Olhei pro celular na doce ilusão de que ele tocassse e me peguei pensando: Toca por favor!
Que diabos é isso que está acontecendo? Parece que falta alguma coisa em tudo. A noite ta me consumindo. Não tem fim esse penar.
Chega, para com isso! Estamos tentando enganar a quem? Tomou proporções que não podemos mais controlar. Eu to louca pra te ver e sei que você também me quer ao seu lado. Vamo lá, chuta tudo, joga pra cima a vida e vem me abraçar. Cadê você que não tá aqui do meu lado?
Você sempre me vem com historinhas de "preciso de força". Caralhooo, eu to aqui te esperando, quer mais força que isso? Eu to aqui! E quando eu não estiver mais?
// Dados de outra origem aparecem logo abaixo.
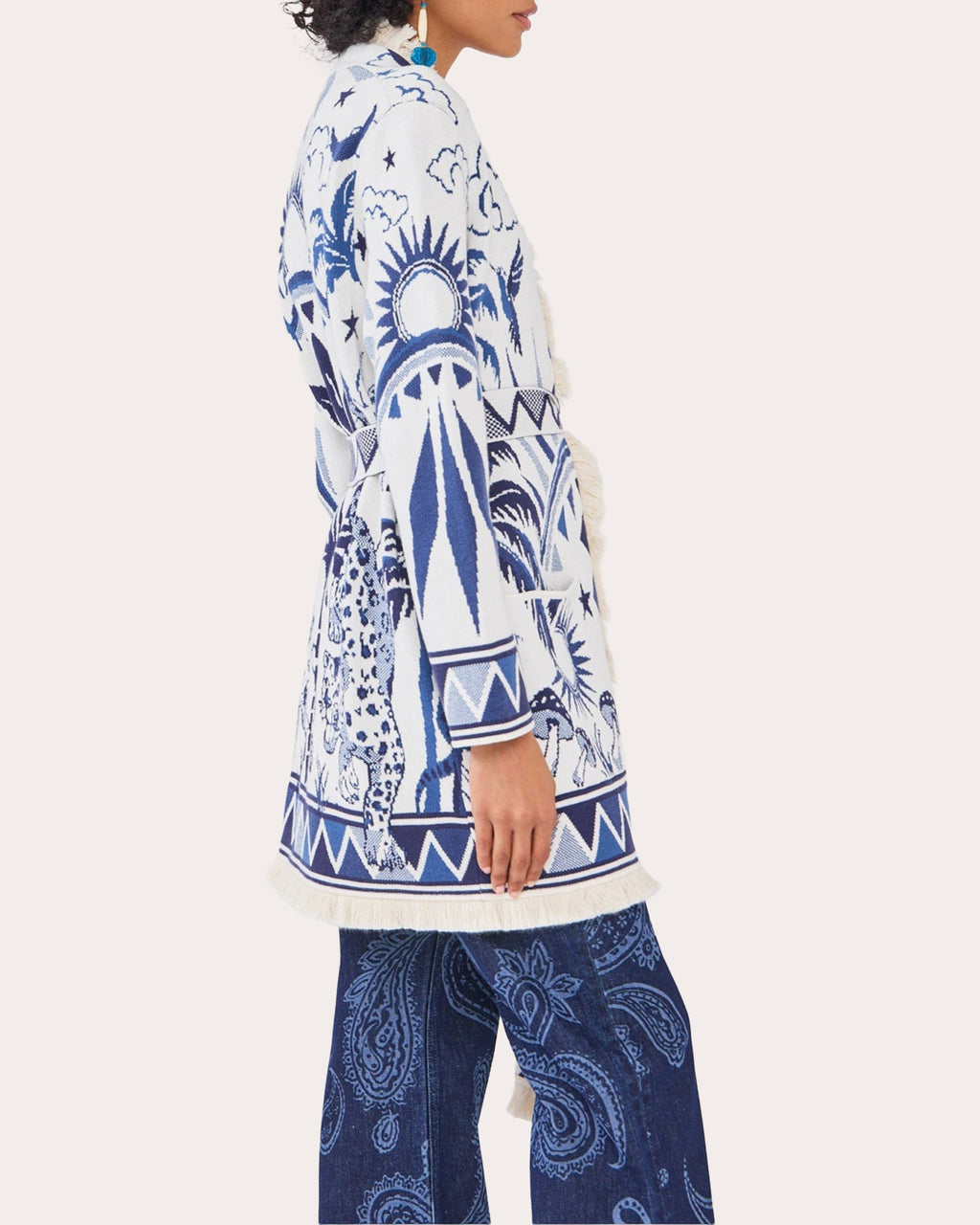 Magic Leopard Belted Cotton-Jacquard Cardigan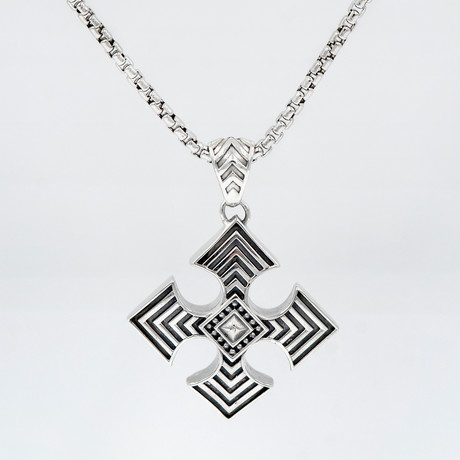 Men's Maltese Cross Necklace // Silver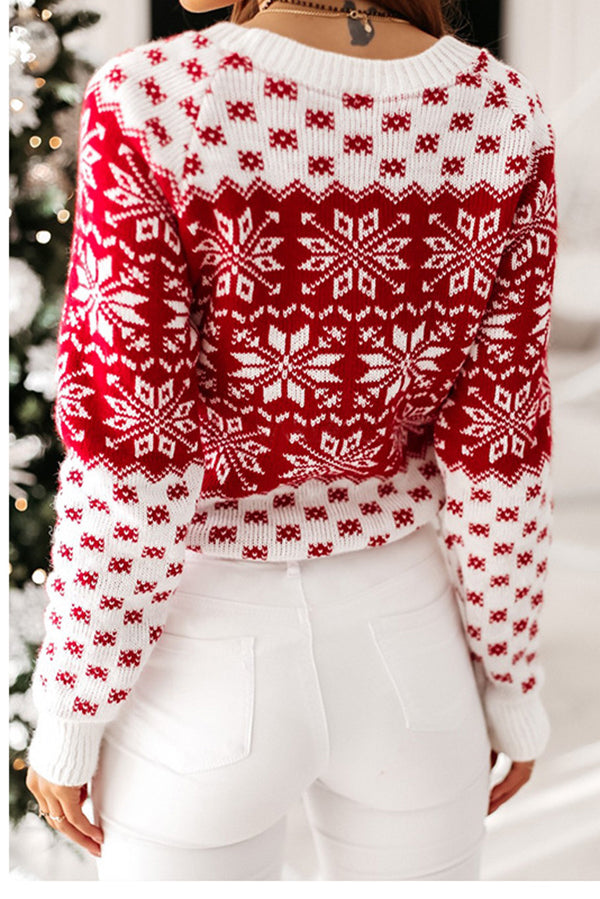 Mune | Christmas Pattern Knitted Round Neck Long Sleeve Sweater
Poxaa, da pra respeitar o meu louco querer? É pecado querer ficar perto? Querer beijos sem trégua e sete mil léguas sem descançar? Faz o que tem que ser feito, deixa de ver a vida passar na tua frente e dar tchau.
Até quando você vai fazer isso, ver a vida passar e te dar tchau?
Foda-se o mundo, eu to admitindo e pedindo: Vem pra cá!
Eu sei, tô fudida, mas o que é que tem, joguei tudo pra cima da cerca de arame farpado e que se exploda o mundo.
Eu tô aqui, so num sei por quanto tempo.
Até Breve,
Ass.: A Dona das Gotas de Marfim.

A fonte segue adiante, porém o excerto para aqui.